To start off, an old rhyme with shit added ;D
Sticks and stones may break my bones
but words will never hurt me.
Unless those words mess with my head
and make me wish that I was dead.
Then give me those sticks and stones.
I'd rather have the broken bones.
Today I had a chemistry exam and the only thing going on in my mind was Permanent December by Miley Cyrus.
It catchy but doesn't help me work out the mass of Silver Nitrate that will dissolve in 100ml of water at room temperature.
Yes Miley, you've been all around the world, yes Miley, they just aren't the same. Now Miley, tell me what sort of solid is Solid Z. Yes Miley, it is like a permanent December, yes Miley, it is colder than you remember and you wont let me go.
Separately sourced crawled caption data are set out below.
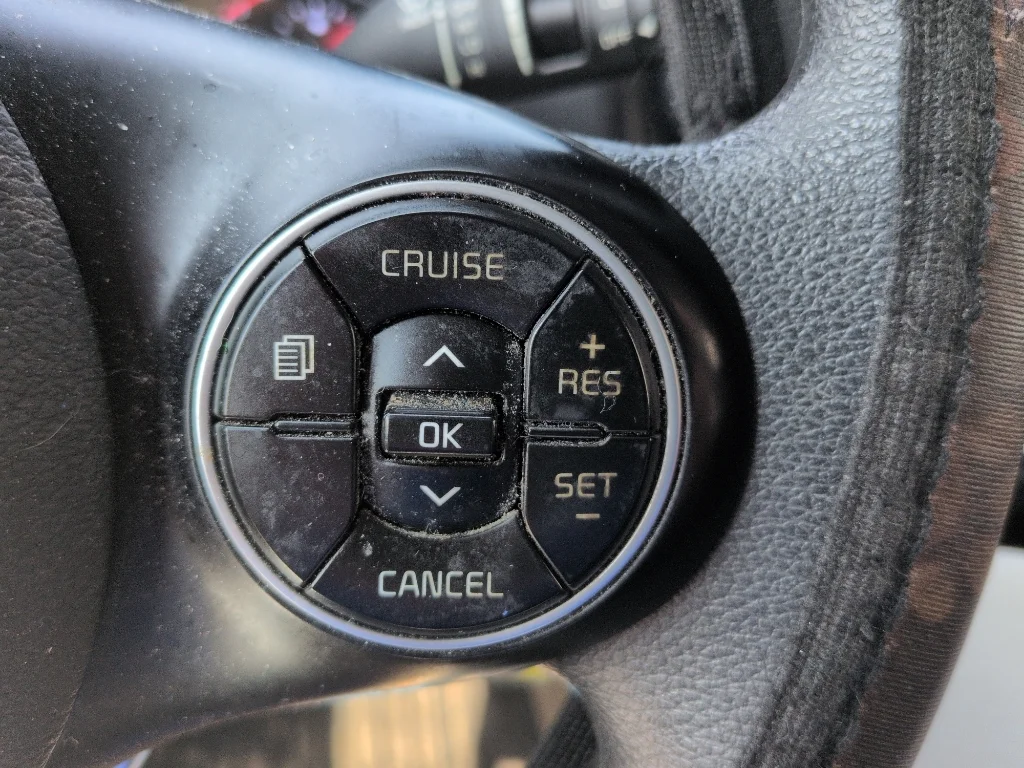 Used 2021 CHERRY BLACK Kia LX image 16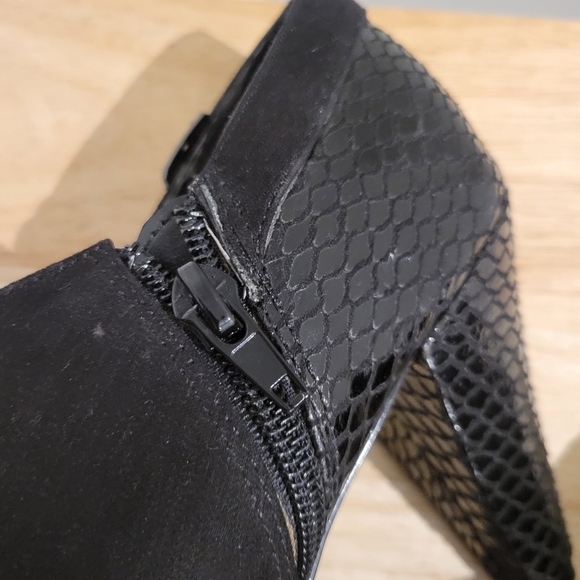 Black shoes - Picture 8 of 9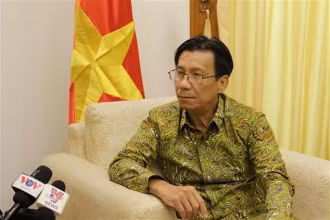 Đại sứ Việt Nam tại Indonesia Tạ Văn Thông.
Now Miley, molecular mass and empirical formula of antimony trioxide. Okay Miley. I'll leave the light on for you. Oh Miley, you've been to New York and LA? Did they have antimony trioxide there? You were wrong when you said you didn't need me? How sweet.
I did finish the exam and I think I did well. I understood it all. Antimony trioxide is Sb2O3 if you wanted to know.
Work. I have a job. Yes, someone employed me.
I'm a check-out chick. Oh the people you meet.
I have a Batman Band-Aid on my hand merely for decoration.
This guy came through my check-out and said
"What a cool Band-Aid!"
and to that I was all "I know! I'm not even hurt, I just wanted to wear the cool Band-Aid"
He was like "Some things are best left unsaid. At first I though 'Poor girl, got hurt, but HEY! She got a cool Band-Aid'. Now I'm thinking, 'Poor girl, she's lost her sanity'."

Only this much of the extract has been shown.